:: Entries provided
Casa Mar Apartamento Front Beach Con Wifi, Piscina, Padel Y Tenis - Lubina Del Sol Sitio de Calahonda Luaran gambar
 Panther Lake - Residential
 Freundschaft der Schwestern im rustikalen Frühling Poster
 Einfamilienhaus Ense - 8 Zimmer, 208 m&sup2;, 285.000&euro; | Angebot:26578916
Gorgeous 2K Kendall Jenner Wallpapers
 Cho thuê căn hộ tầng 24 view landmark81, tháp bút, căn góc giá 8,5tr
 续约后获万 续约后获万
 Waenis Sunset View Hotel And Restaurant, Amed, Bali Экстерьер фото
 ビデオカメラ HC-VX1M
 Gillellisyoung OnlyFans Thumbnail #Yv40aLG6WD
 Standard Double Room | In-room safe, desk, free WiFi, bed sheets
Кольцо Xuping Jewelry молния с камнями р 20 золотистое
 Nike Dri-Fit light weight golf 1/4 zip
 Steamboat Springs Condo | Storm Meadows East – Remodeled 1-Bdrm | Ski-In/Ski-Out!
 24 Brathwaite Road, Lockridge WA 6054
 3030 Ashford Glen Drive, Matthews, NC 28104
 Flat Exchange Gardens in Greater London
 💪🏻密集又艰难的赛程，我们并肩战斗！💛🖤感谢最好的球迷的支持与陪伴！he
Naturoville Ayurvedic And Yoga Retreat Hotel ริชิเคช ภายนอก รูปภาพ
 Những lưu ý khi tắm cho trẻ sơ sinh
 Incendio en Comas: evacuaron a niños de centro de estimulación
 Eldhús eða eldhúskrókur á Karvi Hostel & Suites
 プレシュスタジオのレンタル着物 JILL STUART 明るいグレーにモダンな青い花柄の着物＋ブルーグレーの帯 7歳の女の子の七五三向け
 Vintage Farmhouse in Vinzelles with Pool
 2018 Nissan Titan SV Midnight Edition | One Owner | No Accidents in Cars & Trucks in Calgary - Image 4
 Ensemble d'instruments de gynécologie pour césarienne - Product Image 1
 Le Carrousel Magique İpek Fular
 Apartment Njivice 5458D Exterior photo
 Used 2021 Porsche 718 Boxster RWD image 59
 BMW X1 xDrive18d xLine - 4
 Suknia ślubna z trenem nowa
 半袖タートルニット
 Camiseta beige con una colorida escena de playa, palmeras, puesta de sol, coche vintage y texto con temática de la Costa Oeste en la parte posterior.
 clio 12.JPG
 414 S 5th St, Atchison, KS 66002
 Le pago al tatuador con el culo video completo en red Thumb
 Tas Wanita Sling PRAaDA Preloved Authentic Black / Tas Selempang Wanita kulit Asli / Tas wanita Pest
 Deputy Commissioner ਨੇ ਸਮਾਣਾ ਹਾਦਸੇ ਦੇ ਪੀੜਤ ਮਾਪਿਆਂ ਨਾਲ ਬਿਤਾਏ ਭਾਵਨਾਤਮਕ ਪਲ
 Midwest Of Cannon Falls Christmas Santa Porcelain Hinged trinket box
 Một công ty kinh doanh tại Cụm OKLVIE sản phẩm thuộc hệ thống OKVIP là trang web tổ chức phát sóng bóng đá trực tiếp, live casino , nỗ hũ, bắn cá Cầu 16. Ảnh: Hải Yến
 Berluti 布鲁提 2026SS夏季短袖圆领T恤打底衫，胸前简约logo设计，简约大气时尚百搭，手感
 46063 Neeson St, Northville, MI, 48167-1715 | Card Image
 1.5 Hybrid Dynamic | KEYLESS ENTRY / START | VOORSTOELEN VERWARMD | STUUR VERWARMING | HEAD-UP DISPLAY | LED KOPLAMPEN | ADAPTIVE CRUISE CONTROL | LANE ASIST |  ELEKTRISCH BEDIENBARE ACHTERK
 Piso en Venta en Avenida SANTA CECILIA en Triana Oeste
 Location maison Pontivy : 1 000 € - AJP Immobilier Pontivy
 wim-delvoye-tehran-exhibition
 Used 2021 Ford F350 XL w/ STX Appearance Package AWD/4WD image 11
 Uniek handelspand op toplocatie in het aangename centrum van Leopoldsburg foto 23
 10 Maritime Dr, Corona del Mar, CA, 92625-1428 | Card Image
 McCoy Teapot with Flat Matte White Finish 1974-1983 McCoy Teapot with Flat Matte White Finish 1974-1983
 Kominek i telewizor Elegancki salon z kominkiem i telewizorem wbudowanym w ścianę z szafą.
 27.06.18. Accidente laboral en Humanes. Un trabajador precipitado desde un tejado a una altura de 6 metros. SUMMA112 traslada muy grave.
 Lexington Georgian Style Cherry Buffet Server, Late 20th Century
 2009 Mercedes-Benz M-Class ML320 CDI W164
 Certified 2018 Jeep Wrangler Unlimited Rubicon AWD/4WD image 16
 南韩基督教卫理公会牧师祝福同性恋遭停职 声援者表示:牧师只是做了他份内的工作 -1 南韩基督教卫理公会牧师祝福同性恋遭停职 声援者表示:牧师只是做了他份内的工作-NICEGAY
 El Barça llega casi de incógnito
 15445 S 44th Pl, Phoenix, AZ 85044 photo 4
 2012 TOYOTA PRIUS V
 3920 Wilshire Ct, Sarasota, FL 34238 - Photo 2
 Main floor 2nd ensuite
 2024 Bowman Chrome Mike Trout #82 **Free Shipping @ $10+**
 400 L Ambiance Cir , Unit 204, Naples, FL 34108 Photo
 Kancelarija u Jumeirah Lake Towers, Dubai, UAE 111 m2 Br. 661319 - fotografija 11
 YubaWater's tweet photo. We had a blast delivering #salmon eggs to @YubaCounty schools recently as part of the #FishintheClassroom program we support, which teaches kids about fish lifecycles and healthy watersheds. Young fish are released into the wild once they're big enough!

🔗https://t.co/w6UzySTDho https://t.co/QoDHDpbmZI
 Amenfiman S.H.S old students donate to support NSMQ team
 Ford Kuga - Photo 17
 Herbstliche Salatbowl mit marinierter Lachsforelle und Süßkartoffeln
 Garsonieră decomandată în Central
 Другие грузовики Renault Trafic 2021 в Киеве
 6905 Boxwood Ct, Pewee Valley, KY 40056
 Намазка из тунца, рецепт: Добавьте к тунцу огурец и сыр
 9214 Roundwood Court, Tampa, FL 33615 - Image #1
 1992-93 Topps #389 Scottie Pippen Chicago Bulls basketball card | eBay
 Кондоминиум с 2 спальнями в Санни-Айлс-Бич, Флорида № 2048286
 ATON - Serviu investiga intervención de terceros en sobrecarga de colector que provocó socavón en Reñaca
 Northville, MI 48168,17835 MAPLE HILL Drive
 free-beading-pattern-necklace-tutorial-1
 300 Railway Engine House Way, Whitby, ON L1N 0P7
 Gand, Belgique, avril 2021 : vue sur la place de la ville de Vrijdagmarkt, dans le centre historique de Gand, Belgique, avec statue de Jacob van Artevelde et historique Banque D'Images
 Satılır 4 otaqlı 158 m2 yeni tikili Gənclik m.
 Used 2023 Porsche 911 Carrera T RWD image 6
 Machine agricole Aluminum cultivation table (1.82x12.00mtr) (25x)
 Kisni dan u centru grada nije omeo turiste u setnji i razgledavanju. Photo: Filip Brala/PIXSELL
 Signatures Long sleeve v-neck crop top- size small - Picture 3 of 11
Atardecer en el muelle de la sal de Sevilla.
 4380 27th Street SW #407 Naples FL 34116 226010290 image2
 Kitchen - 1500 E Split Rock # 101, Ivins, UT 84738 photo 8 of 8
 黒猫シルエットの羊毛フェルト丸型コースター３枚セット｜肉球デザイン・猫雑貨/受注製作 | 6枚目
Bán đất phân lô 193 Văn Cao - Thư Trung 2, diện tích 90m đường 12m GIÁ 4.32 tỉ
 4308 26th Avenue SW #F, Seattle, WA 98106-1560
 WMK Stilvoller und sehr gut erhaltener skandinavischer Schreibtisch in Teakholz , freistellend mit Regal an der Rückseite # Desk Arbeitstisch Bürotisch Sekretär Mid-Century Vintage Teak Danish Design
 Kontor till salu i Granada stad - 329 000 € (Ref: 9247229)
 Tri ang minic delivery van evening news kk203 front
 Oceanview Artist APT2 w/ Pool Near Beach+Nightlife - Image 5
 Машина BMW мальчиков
::::
# Assignment
When you reach the line that contains "Кольцо Xuping Jewelry", stop; that line and every line before it, from the very first line of the data, should be restated word for word.

# Solution for this task
Casa Mar Apartamento Front Beach Con Wifi, Piscina, Padel Y Tenis - Lubina Del Sol Sitio de Calahonda Luaran gambar
 Panther Lake - Residential
 Freundschaft der Schwestern im rustikalen Frühling Poster
 Einfamilienhaus Ense - 8 Zimmer, 208 m&sup2;, 285.000&euro; | Angebot:26578916
Gorgeous 2K Kendall Jenner Wallpapers
 Cho thuê căn hộ tầng 24 view landmark81, tháp bút, căn góc giá 8,5tr
 续约后获万 续约后获万
 Waenis Sunset View Hotel And Restaurant, Amed, Bali Экстерьер фото
 ビデオカメラ HC-VX1M
 Gillellisyoung OnlyFans Thumbnail #Yv40aLG6WD
 Standard Double Room | In-room safe, desk, free WiFi, bed sheets
Кольцо Xuping Jewelry молния с камнями р 20 золотистое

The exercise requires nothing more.